PROMPT — No pictures go into the copy. Write out exactly the lines below from the one containing "Rubis Rouge Verre" through the one containing "6 sottobicchieri in".

STORED DATA —
BEGIN
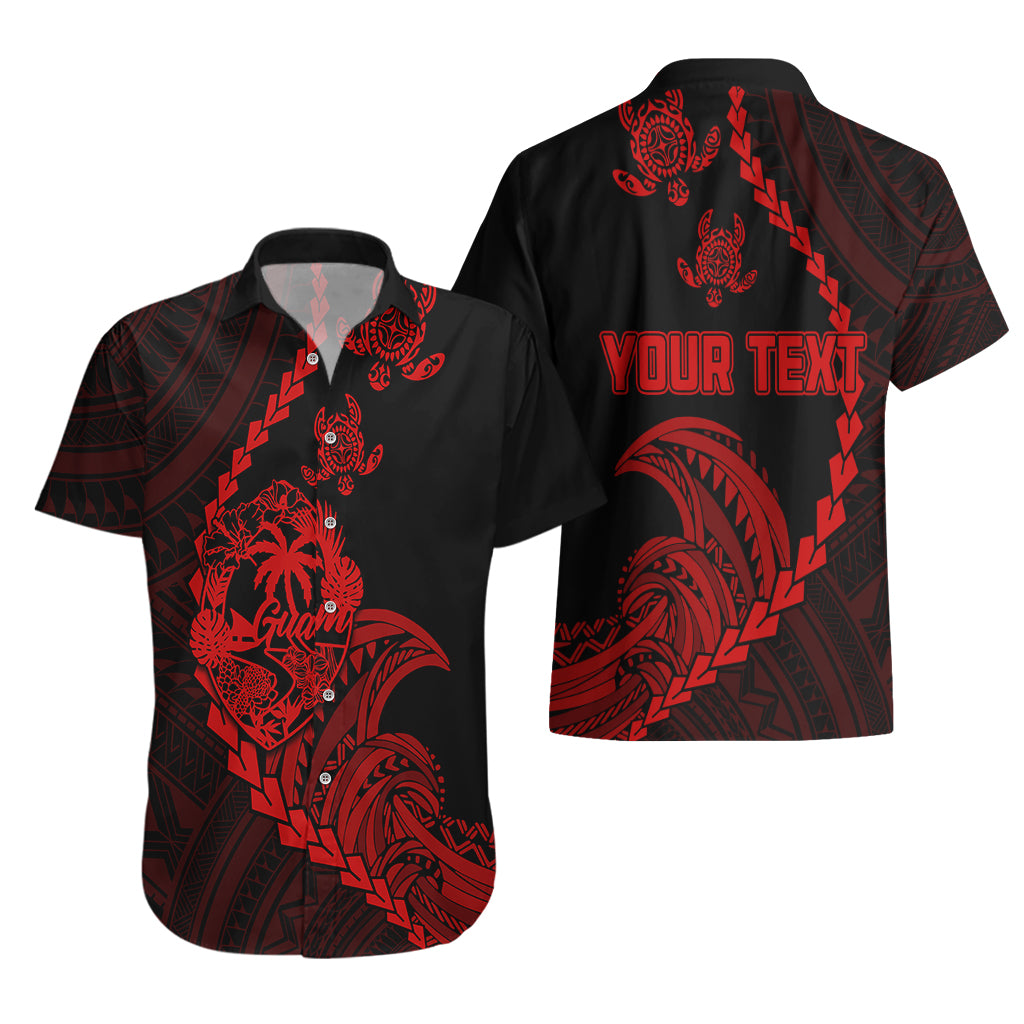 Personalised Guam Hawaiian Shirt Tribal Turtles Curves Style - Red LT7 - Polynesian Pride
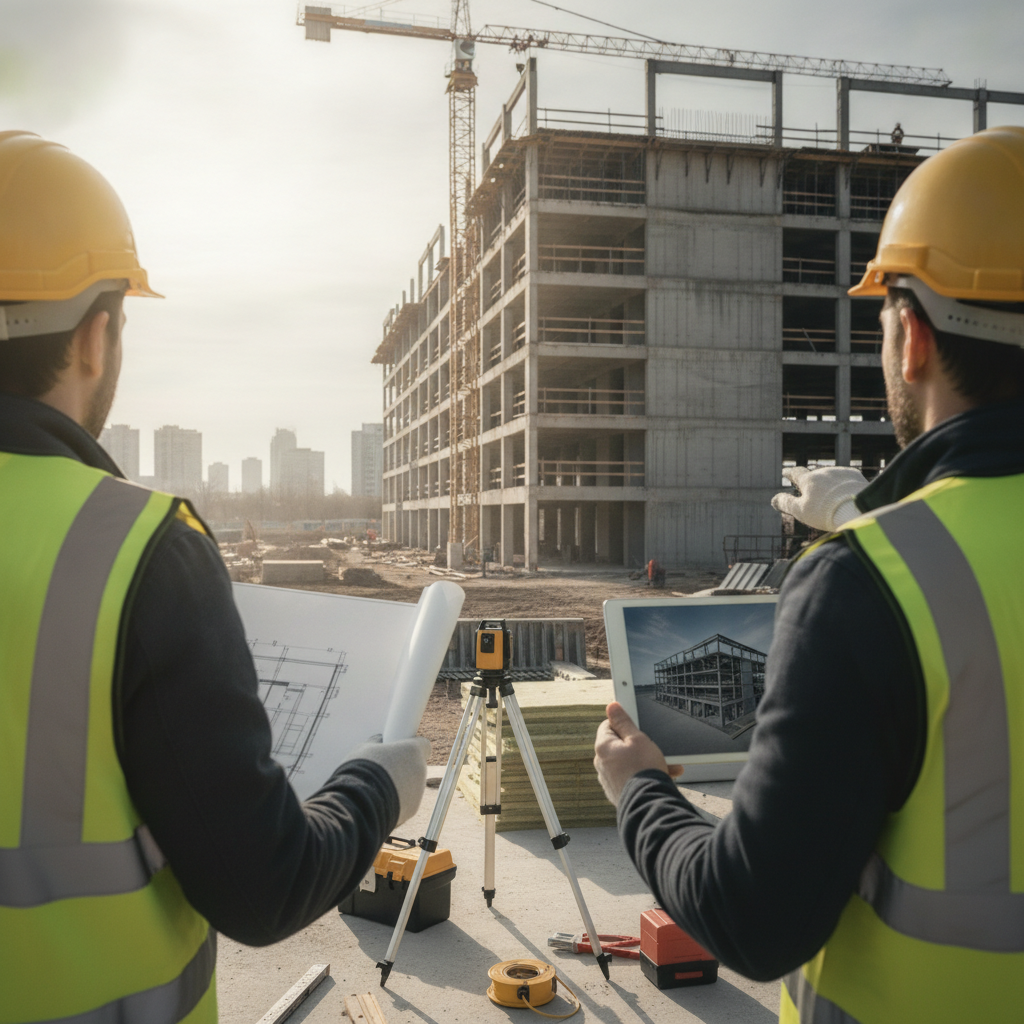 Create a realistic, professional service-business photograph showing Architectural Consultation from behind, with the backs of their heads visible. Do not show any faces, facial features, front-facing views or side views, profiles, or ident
END
BEGIN
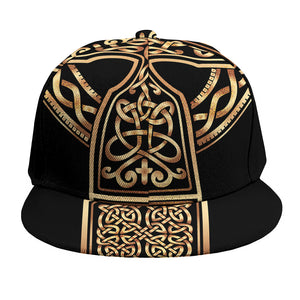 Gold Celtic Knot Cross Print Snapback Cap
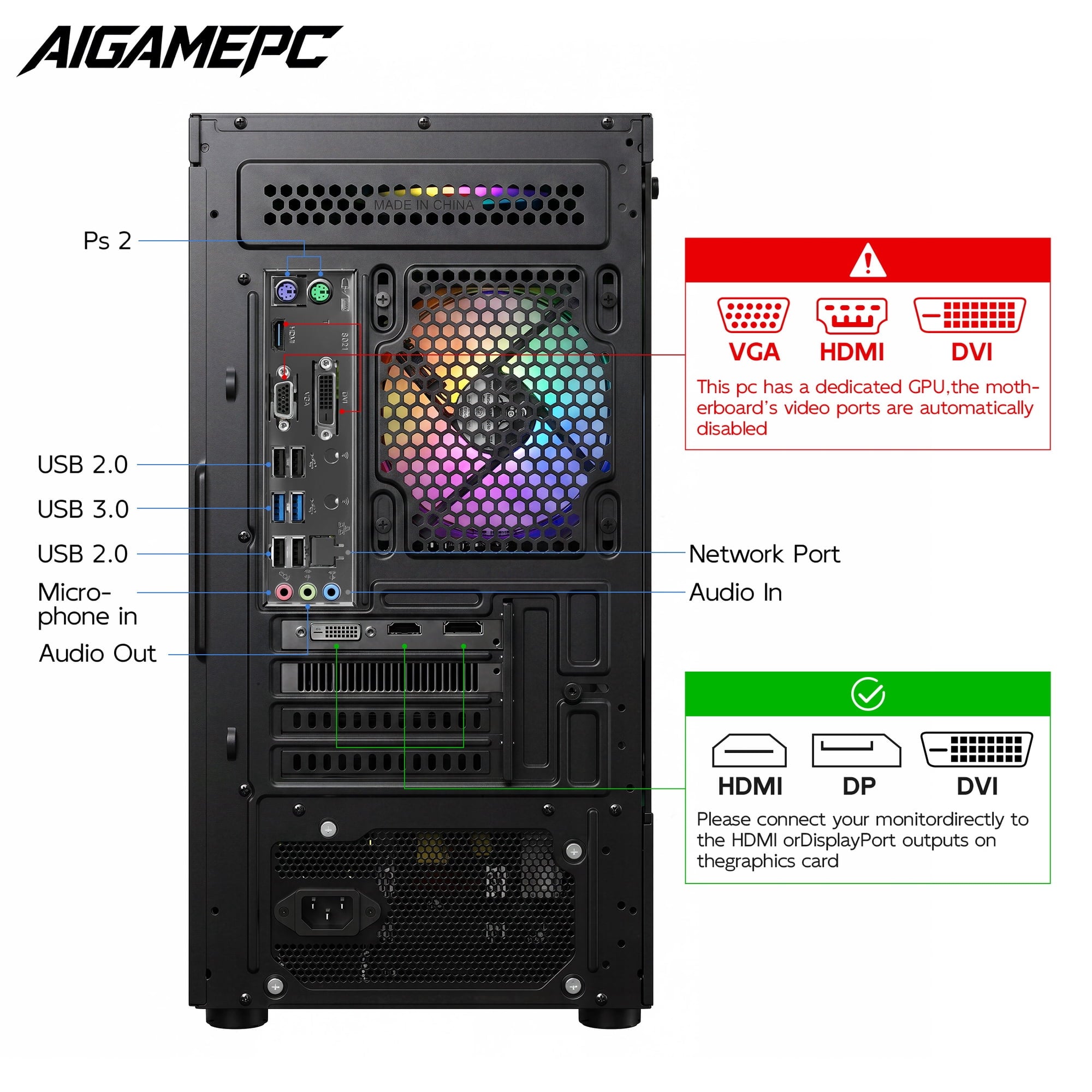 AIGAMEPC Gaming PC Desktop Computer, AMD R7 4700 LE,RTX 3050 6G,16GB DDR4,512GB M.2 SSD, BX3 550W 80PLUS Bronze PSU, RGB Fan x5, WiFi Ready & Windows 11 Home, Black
END
BEGIN
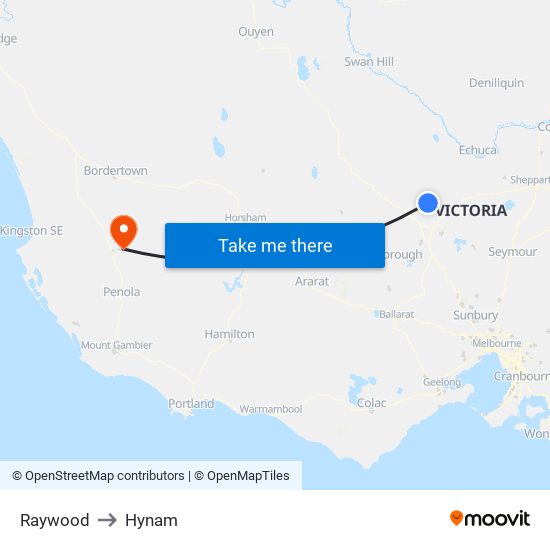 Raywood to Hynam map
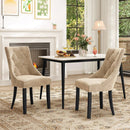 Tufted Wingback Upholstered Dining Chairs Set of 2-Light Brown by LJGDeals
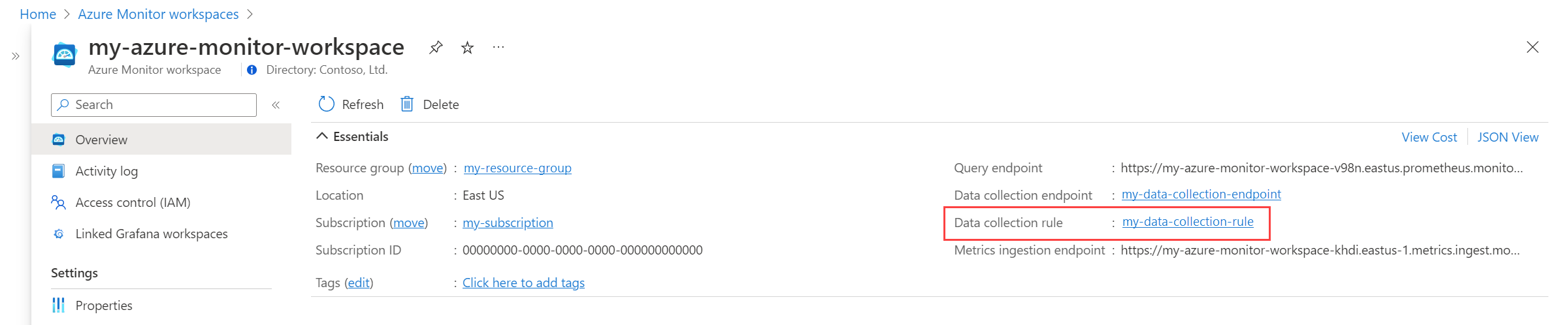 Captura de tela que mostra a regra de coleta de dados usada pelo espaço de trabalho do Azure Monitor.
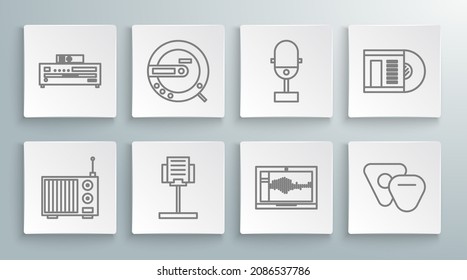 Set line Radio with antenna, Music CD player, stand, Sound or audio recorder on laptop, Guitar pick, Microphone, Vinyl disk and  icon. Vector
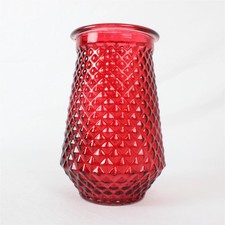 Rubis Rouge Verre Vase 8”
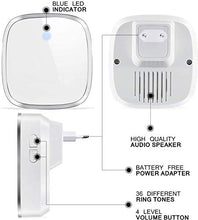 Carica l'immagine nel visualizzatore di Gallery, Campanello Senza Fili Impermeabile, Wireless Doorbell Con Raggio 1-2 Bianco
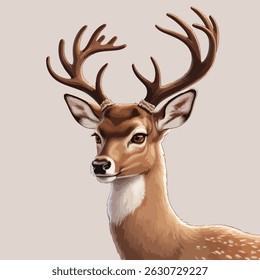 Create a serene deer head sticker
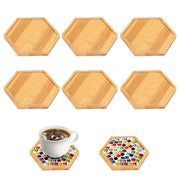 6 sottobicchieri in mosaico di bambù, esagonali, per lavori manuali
END
EXPECTED ANSWER —
 Rubis Rouge Verre Vase 8”
 Carica l'immagine nel visualizzatore di Gallery, Campanello Senza Fili Impermeabile, Wireless Doorbell Con Raggio 1-2 Bianco
 Create a serene deer head sticker
 6 sottobicchieri in mosaico di bambù, esagonali, per lavori manuali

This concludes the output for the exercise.